The Critical Thinking Requirement
This approach only works if we maintain our critical thinking skills. AI responses can contain biases, inaccuracies, or oversimplifications. The human role remains essential:
- Asking follow-up questions that reveal bias or gaps
- Challenging assumptions in AI responses
- Seeking multiple perspectives on complex issues
- Evaluating sources and reasoning
- Applying context and nuance that AI might miss
Practical Implementation
To make AI in the loop work effectively:
Set Clear Intentions: Establish that you’re seeking truth together, not trying to “win” the argument.
Share the Process: Both parties should participate in questioning the AI and evaluating responses.
Maintain Skepticism: Treat AI responses as starting points for investigation, not final answers.
Practice Critical Evaluation: Develop skills in identifying bias, gaps, and limitations in AI responses.

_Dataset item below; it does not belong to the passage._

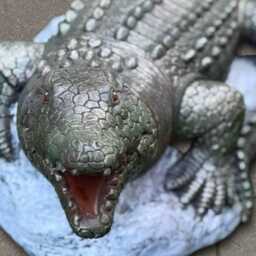 Realistic Concrete Crocodile Sculpture Outdoor Wild Animal Statue Stone Alligator Figurine Handcrafted Wildlife Garden Ornament Animal Art - thumbnail 2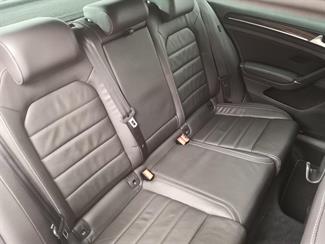 2014 Volkswagen Golf R - Thumbnail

Focus on Learning: Approach the conversation as collaborative inquiry rather than debate.
The Broader Implications
AI in the loop represents a new model for human-AI collaboration that goes beyond simple automation. Instead of replacing human conversation, it enhances our capacity for informed discussion and collaborative truth-seeking.
This approach could transform how we handle disagreements in families, workplaces, and communities. Rather than relying on authority, avoiding difficult topics, or getting stuck in unproductive debates, we could engage in deeper, more informed conversations that actually resolve important questions.
As we navigate an era of rapid change and complex challenges, our ability to have productive conversations about difficult topics becomes increasingly important. AI in the loop offers a practical tool for upgrading the quality of human discourse—but only if we’re willing to engage our critical thinking skills and approach these conversations with genuine curiosity and openness to learning.
The future of human-AI collaboration isn’t about choosing between human wisdom and artificial intelligence. It’s about finding ways to combine our unique strengths to tackle challenges neither could handle alone. AI in the loop is just the beginning of what this partnership might look like in practice.
What conversations in your life could benefit from AI in the loop? The key is starting with curiosity rather than certainty, and maintaining our commitment to critical thinking even as we leverage AI’s research capabilities.